If you think that this may be useful and have any questions/suggestions, feel free to contact me at [email protected] or raise a GitHub issue.
The code is hosted at GitHub, https://github.com/davidcoles/vc5
Clone with git clone https://github.com/davidcoles/vc5.git
Documentation and quick start guide with a video demonstration.
- ✅ Simple deployment with a single binary
- ✅ Stable backend selection with Maglev hashing algorithm
- ✅ Route health injection handled automatically; no need to run other software such as ExaBGP
- ✅ Minimally invasive; does not require any modification of iptables rules on server
- ✅ No modification of backend servers beyond adding the VIP to a loopback device
- ✅ Health-checks run against the VIP on backend servers, not their real addresses
- ✅ HTTP/HTTPS, half-open SYN probe and UDP/TCP DNS healthchecks built in
- ✅ As close as possible to line-rate 10Gbps performance
- ✅ In-kernel code execution with XDP/eBGP; native mode drivers avoid sk_buff allocation
- ✅ (D)DoS mitigation with fast early drop rules
- ✅ Multiple VLAN support
- ✅ Multiple NIC support for lower bandwidth/development applications
- ✅ Works with bonded network devices to support high-availibility/high-bandwidth
- ✅ Observability via a web console and Prometheus metrics
- 🚧 Simple API to enable embedding into your own project
- 🚧 Extension to support LVS/IPVS for non-DRS operation
This has mostly been tested using Icecast backend servers with clients pulling a mix of low and high bitrate streams (48kbps - 192kbps).
It seems that a VMWare guest (4 core, 8GB) using the XDP generic driver will support 100K concurrent clients, 380Mbps/700Kpps through the load balancer and 8Gbps of traffic from the backends directly to the clients.
On a single (non-virtualised) Intel Xeon Gold 6314U CPU (2.30GHz 32 physical cores, with hyperthreading enabled for 64 logical cores) and an Intel 10G 4P X710-T4L-t ethernet card, I was able to run 700K streams at 2Gbps/3.8Mpps ingress traffic and 46.5Gbps egress. The server was more than 90% idle. Unfortunately I did not have the resources available to create more clients/servers.
VC5 is a network load balancer designed to work as replacement for
legacy hardware appliances. It allows a service with a Virtual IP
address (VIP) to be distributed over a set of real servers. Real
servers might run the service themselves or act as proxies for another
layer of servers (eg. HAProxy serving as a Layer 7 HTTP router/SSL
offload). The only requirement being that the VIP needs to be
configured on a loopback device on real server, eg.: ip a add 192.168.101.1/32 dev lo
One server with a 10Gbit/s network interface should be capable of supporting an HTTP service in excess of 100Gbit/s egress bandwidth due to the asymmetric nature of most internet traffic. For smaller services a modest virtual machine or two will likely handle a service generating a number of Gbit/s of egress traffic.

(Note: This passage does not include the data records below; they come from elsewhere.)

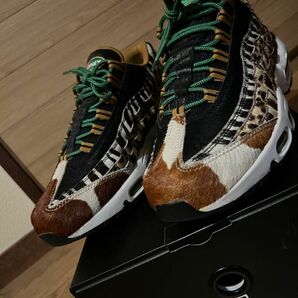 ATMOS × NIKE エアマックス95 アニマルパック　27cm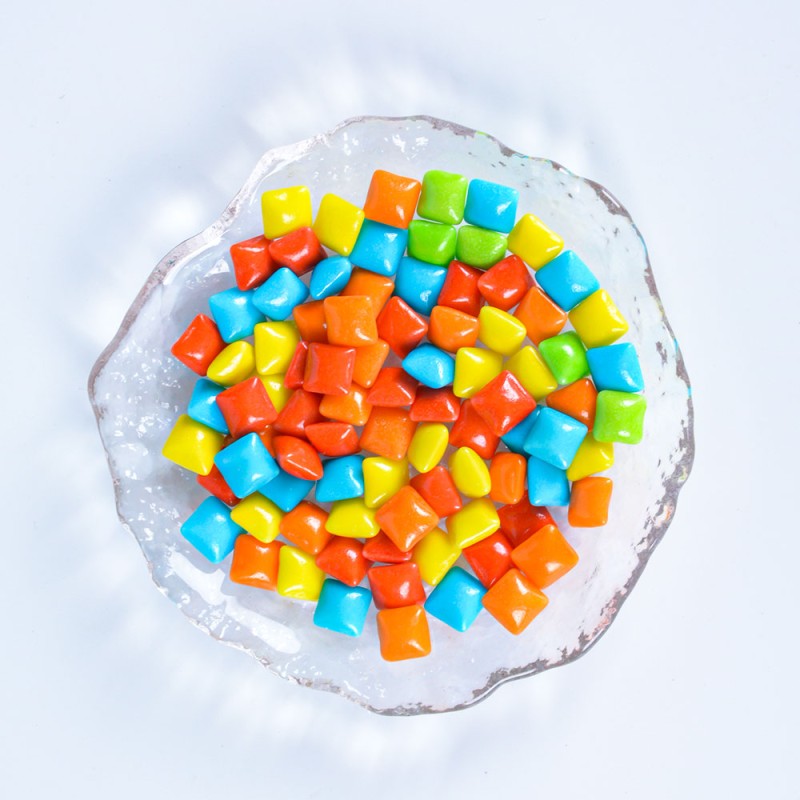 Wholesale Custom Assorted Mix Fruit Flavor Bubble Stick Bubble Gum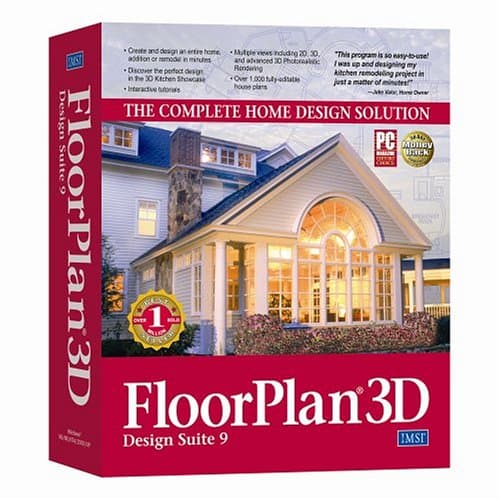 FloorPlan Design Suite Version 9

If one instance is not sufficient then more servers may be added to horizontally scale capacity (and provide redundancy) using your router's ECMP feature. 802.3ad bonded interfaces and 802.1Q VLAN trunking is supported (see examples/ directory).
No kernel modules or complex setups are required, although for best performance a network card driver with XDP native mode support is required (eg.: mlx4, mlx5, i40e, ixgbe, ixgbevf, nfp, bnxt, thunder, dpaa2, qede). A full list is availble at The XDP Project's driver support page.
A good summary of the concepts in use are discussed in Patrick Shuff's "Building a Billion User Load Balancer" talk and Nitika Shirokov's Katran talk
A basic web console and Prometheus metrics server is included:
A sample utility to render traffic from /20 prefixes going through the
load-balancer is in the cmd/hilbert/ directory:
A good use for the traffic stats would be to track which prefixes are usually active and to generate a table of which /20s to early drop traffic from in the case of a DoS/DDoS (particularly spoofed source addresses).
Initially this began as self-contained director/balancer project. Recently, it seems that the healthchecking, route health injection and observability portions could be re-used with a non-DSR balancer such as Linux's virtual server. As such, I am currently modifying the code to allow switching out the eBPF/XDP portion so that a project using this library can bring its own implemention.
Consequently, the old configuration schema needs updating and old versions will no longer work. For now I will maintain a backwards compatible v0.1 branch with bugfixes, etc., but the main branch will begin using a new updated config parser script.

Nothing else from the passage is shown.